Ah, 2017. You had your terrifying lows, and your... slightly less terrifying highs? It was a pretty unique year, is what we're saying. And now it's time to leave you behind. Here's what our writers will be drinking this NYE to cap things off.
Ben: New Year’s Eve is not to be trifled with. I trifled with it last year. I got too hoppy too early and I paid the price. At 4am, while I was vomiting into my parents’ sink, I resolved to cut down on the extreme beers next year. So now next year is here and I’m keeping things simple with a local easy-drinking ale – Sample Pale Ale. It still has a kick at 35 IBU, but it’s not going to leave you explaining yourself to your mum in the morning.

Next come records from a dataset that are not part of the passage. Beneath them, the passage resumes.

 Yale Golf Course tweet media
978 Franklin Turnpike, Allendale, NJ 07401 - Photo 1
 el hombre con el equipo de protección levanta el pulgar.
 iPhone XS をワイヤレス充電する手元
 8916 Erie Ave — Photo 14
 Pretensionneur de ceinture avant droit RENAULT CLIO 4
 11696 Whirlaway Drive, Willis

Luke: What's that? You're too good for rosé? Worried that friends and loved ones are going to mock you for the crisp, refreshing pink liquid filling your glass? Concerned that the heady combination of dry, acidic white and full-bodied red wine flavour is going to cast you as being somehow unmanly? Well, you know who drinks rosé? Gangster rapper Rick Ross and according to his music he has almost definitely killed a man. So drop your pre-conceptions, pick up an $18 bottle of Madfish shiraz rosé or if you're feeling fancy, anything from Provence or a Spanish rosado. Show the people at that NYE BBQ what a real wine drinker looks like.

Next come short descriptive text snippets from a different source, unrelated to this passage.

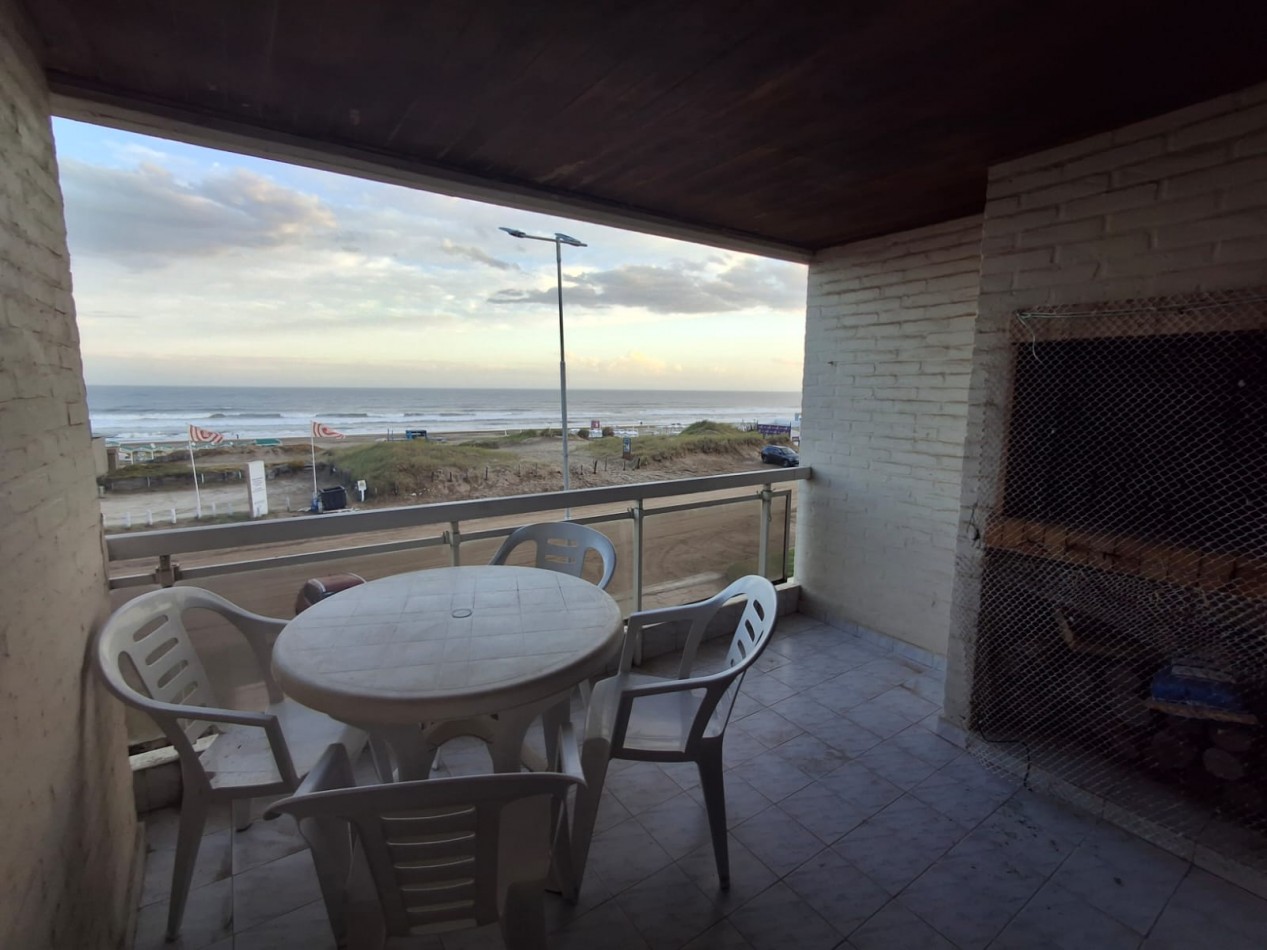 Alquiler Departamento Pinamar zona norte mar frente al mar con pileta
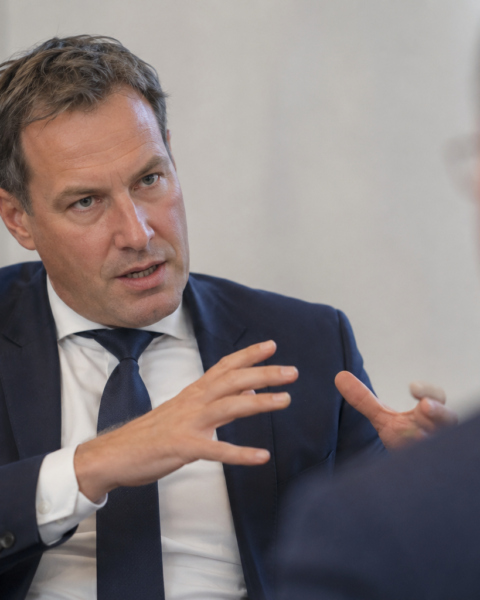 Ulrich Sigmund van AfD belooft 'domino-effect': van Russisch op school tot deportatiekampen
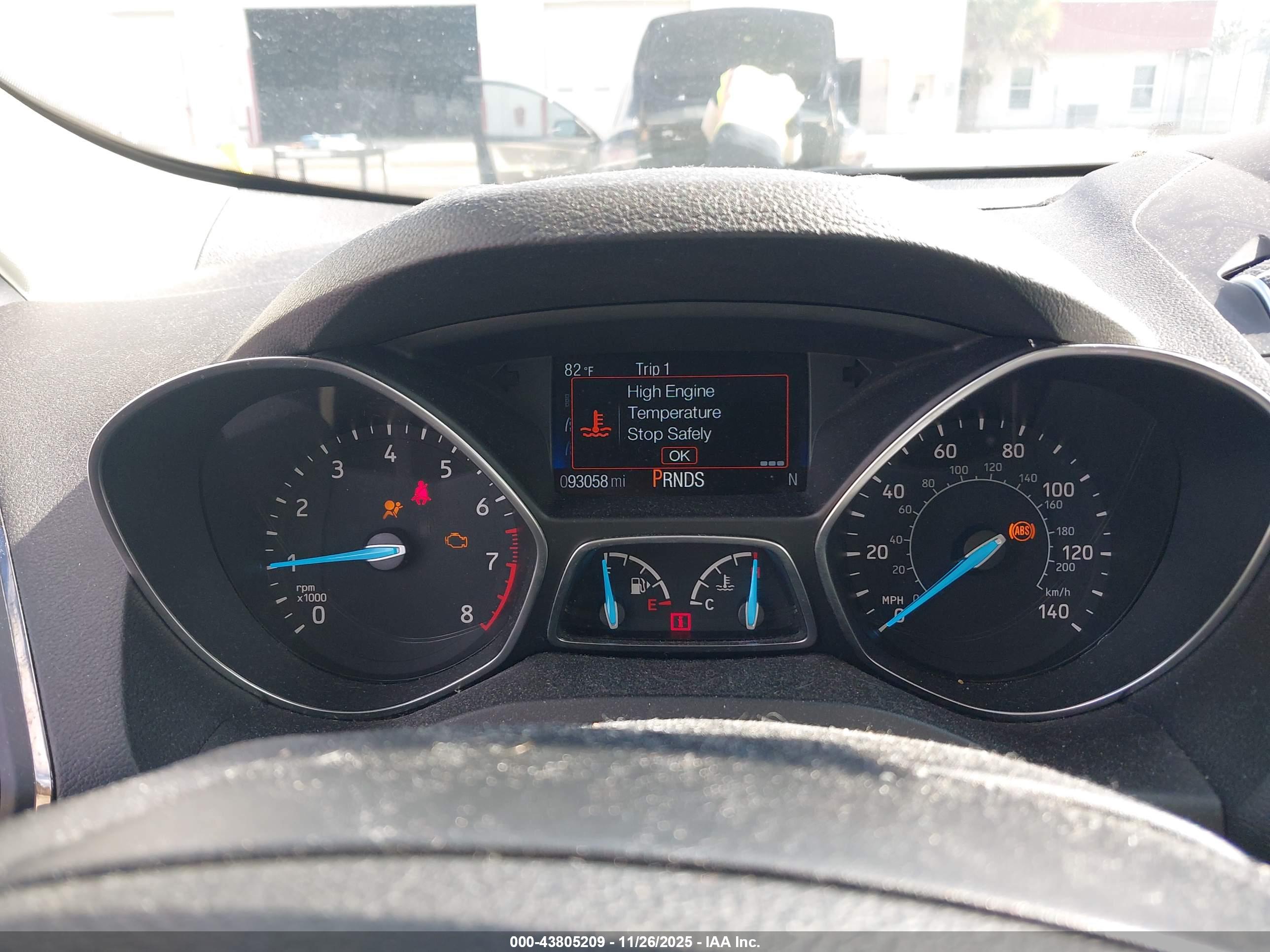 FORD ESCAPE image 7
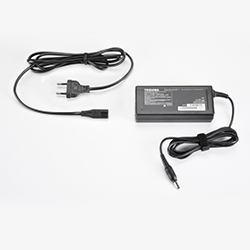 Toshiba PA5072U-1ACA adattatore e invertitore Interno 45 W Nero 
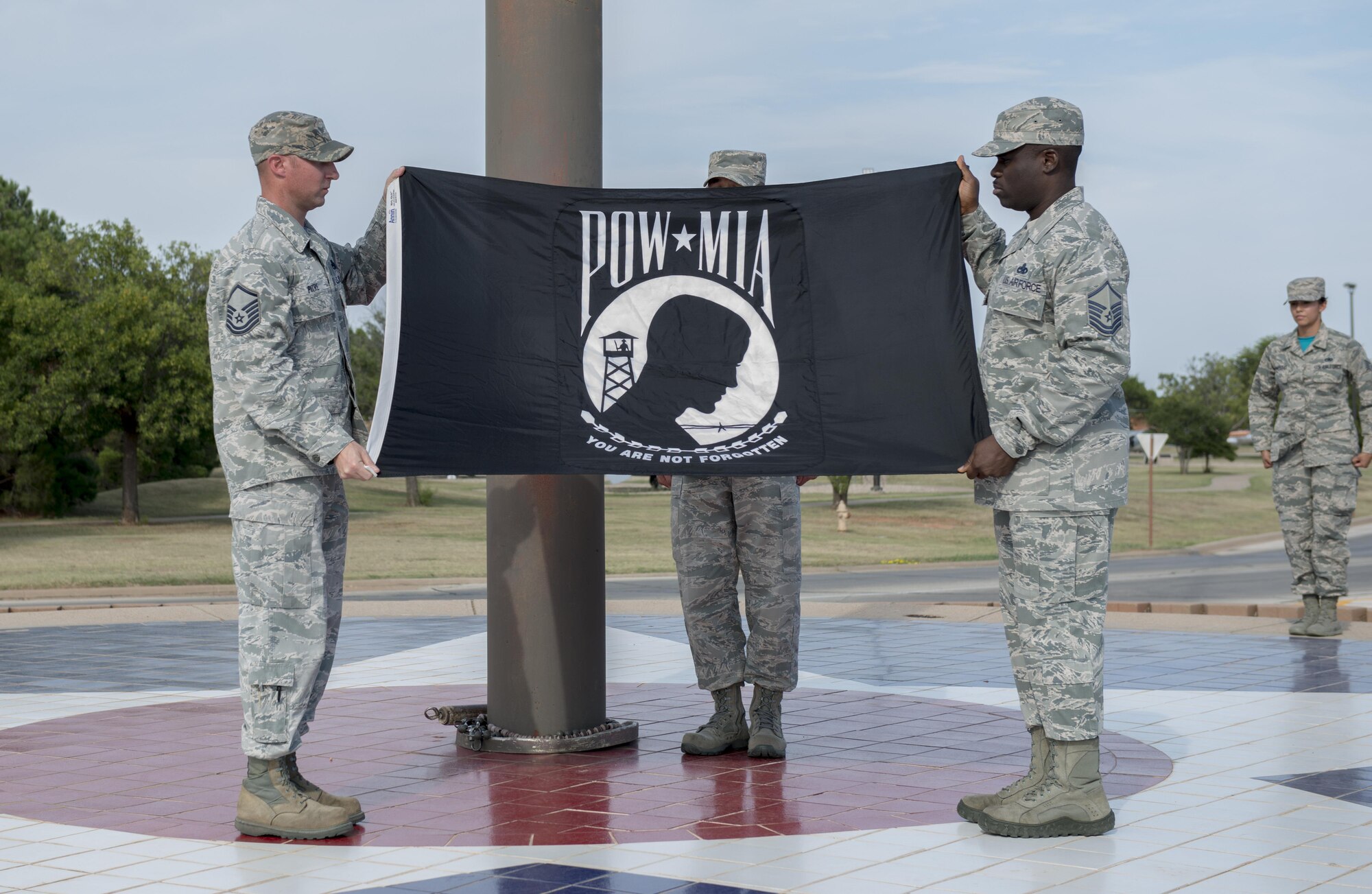 Team Dyess pays tribute to POW/MIAs on Remembrance Day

Wilf: I usually adhere to the maxim 'drink what’s on hand', but passively aggressively ensure I only end up drinking in establishments selling great craft beer so my beer snob needs are met. Pact Beer’s Mount Tennent Pale Ale has been a godsend to thirsty punters in and around Canberra, but my other faves are Big Sur by The Grifter (great designs by these gentlemen, who also run Passport Skateboards), and I’m delighted to see Young Henrys are re-releasing their You Am I collab, Brew Am I. Hoppy New Year indeed.
Chris: My colleagues have played it safe this year. Pale ales. Rosés. More pale ales. Pft. It’s New Year’s, guys; live a little. I’m going to grab a couple bottles of Angry Peaches and enjoy my damn self. This is less balls-out crazy than Garage Project’s usual fare, but it’s still got a lot going on. The name is a bit of a misnomer – there are no actual peaches in the bottle – but notes of stone fruit are detectable thanks to the amarillo hops. What even are amarillo hops? Couldn’t tell you. But I can tell you that it tastes good. Even more so the next morning, during my yearly hair-of-the-dog ritual.